_EXERCISE AIM_
Please copy each line in the records below that contains the string "Honda".

_LISTED ENTRIES_
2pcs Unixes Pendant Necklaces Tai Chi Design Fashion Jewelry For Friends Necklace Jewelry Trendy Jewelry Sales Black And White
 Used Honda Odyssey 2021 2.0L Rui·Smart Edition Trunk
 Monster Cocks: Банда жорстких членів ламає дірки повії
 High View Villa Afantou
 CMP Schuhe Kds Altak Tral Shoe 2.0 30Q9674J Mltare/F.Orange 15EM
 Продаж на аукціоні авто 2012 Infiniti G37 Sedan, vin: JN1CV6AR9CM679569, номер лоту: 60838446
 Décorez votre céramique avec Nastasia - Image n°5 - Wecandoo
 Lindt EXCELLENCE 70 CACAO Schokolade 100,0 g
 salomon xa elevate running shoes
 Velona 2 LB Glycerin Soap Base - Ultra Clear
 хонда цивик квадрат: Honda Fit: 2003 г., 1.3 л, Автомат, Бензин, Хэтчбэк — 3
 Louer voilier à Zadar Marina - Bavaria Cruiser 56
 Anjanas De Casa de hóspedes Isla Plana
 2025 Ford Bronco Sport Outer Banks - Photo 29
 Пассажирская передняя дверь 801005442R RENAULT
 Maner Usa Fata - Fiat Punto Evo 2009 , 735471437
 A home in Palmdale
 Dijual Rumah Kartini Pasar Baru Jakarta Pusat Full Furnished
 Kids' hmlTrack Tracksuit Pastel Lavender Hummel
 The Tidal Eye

_YOUR SOLUTION_
 Used Honda Odyssey 2021 2.0L Rui·Smart Edition Trunk
 хонда цивик квадрат: Honda Fit: 2003 г., 1.3 л, Автомат, Бензин, Хэтчбэк — 3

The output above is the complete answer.